As always, it’s best to close the aperture ring a little to increase depth of field. I always reduce it to F2.8 so it’s still bright, you can reduce further if you are having problems.
Light pollution
We sit just outside an expanding town which is switching to LED streetlighting. Light pollution is an increasing problem. I have purchased a simple ‘light pollution‘ filter to add to the 50mm Nikkor lens. I will be testing this as conditions allow, I wonder if it helps, and I hope it doesn’t block infrared!
Other builds
As mentioned earlier, quite a few makes are now underway with the Instructables project. The first ‘I made this‘ post has appeared (well done Jeff!), and from the messages I have seen there are a few nearing completion.
It looks like the most common pain points have been the PCB (see above) and sourcing the motors and worm gear components. Hopefully PCB sourcing is easier now with the published Gerber files. I saw a couple of cases where people shared a PCB order to reduce costs.
For the worm gear, I wonder if a future design could switch to using planetary gearboxes on the Nema17 motors instead. They seem to be more widely available, and can even be purchased as complete units.
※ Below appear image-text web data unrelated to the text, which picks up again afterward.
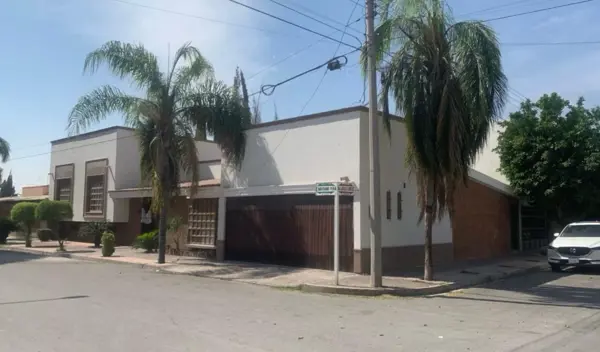 Casa en venta en Las Margaritas, Torreón — foto 3 de 23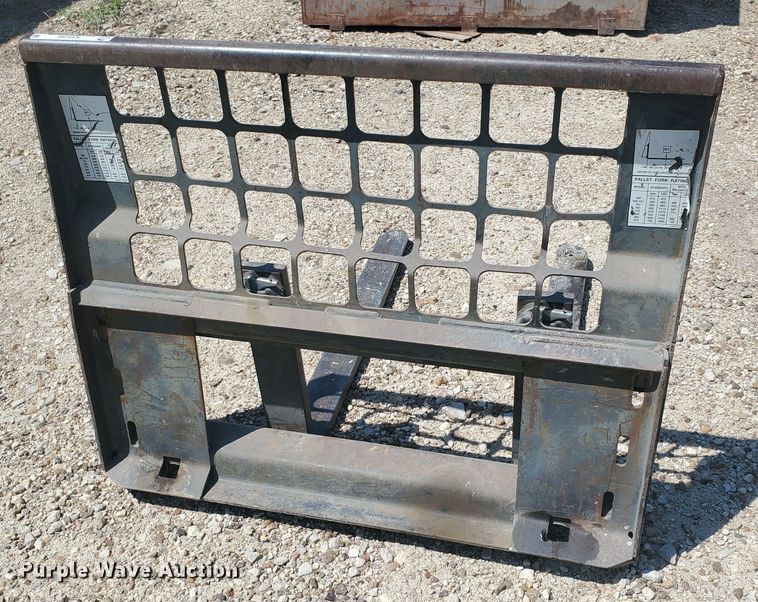 image for item KY9186 Bobcat 42"L skid steer forks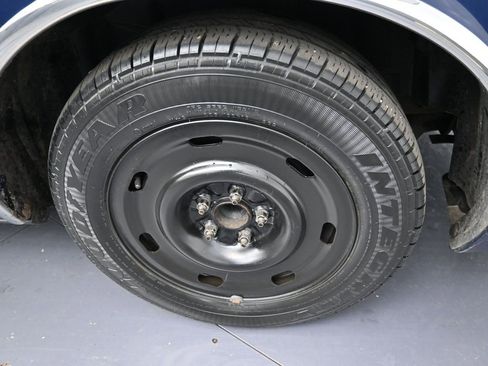 Used 2006 Mercury Grand Marquis LS image 34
They may require a rethink of the drive mechanism, I have ideas already.
At least one builder is improving the weatherproofing of the design, that will be exciting to see when it is ready. I think there is a lot to learn from that development if it happens.
There are a couple of really interesting alternative motor controller designs out there too, including alternative ways to power/reset the Tiny2040 as well.
Off the shelf motorcontrollers
I mentioned in December that I haven’t found a suitable off-the-shelf motor controller board yet. Well, in the tech world, a month is a long time. I recently came across an announcement from Pimoroni about their new YUKON board. The specifications sound interesting. It supports high current stepper motor drivers, has a modular design and an onboard RP2040. There’s a fully featured builders kit available, but you can also buy the bare board and individual driver components. Pimoroni’s website has a couple of overview videos, and there’s an example robot project on Youtube by Kevin McAleer. I’d like to try one of these at some point, IF I find the time. Maybe someone else will give it a try?